Kati Wadsworth. Professional home organizer in Florence, AL Photo by Kerry Maloney

“It’s like a puzzle.” 

Kati Wadsworth’s shoulders and blonde ringlets are just visible behind a mound of packaged noodles, tinned vegetables, bags of nuts, and cracker cartons piled on the kitchen island. Behind her, the pantry in this otherwise immaculate home on Florence’s north side stands emptied, a blank canvas awaiting her methodical masterpiece. 

The first challenge of the morning? Too many canned goods for the clear plastic risers she’s brought to better display them. (Her clients have added to their collection since her last visit.) But the unflappable 36-year-old takes it in her slow, deliberate stride. 

“Tetris was my favorite game growing up,” she says cheerily.
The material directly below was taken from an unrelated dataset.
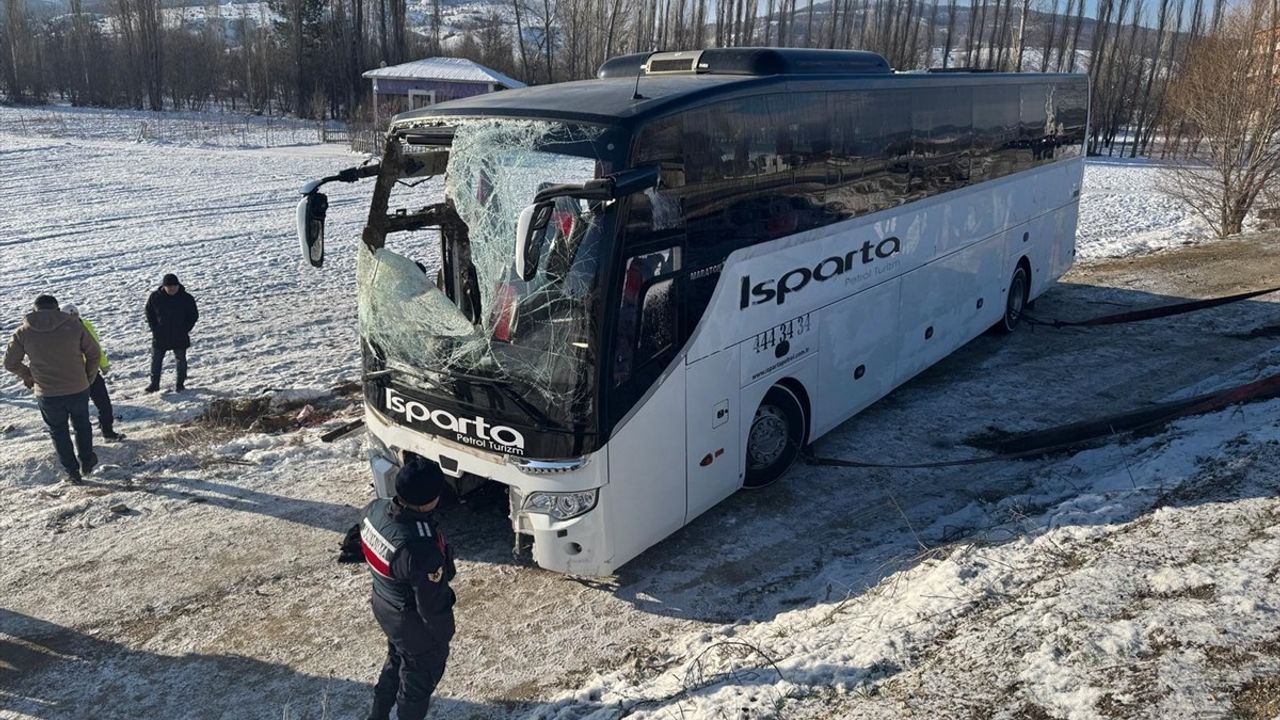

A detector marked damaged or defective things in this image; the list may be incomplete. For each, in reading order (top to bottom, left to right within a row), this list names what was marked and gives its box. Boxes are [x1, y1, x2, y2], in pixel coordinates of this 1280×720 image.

shattered windshield [360, 117, 619, 425]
A morning with Wads-worth, the Shoals’ only professional home organizer, is a study in the kinds of details most people overlook—the ones that not only make spaces look tidy but help keep them that way. Before she’s finished, there will be no ragged box tops, no homeless jars of sauce, no hard-to-see corners where clutter can collect. 

“It really is my pleasure to do this for them,” says Wadsworth. “I love living an organized, efficient life. I know it sounds cheesy, but I want other people to live like that.” (The enthusiasm is real. Her van’s license plate reads 0RGNZE). 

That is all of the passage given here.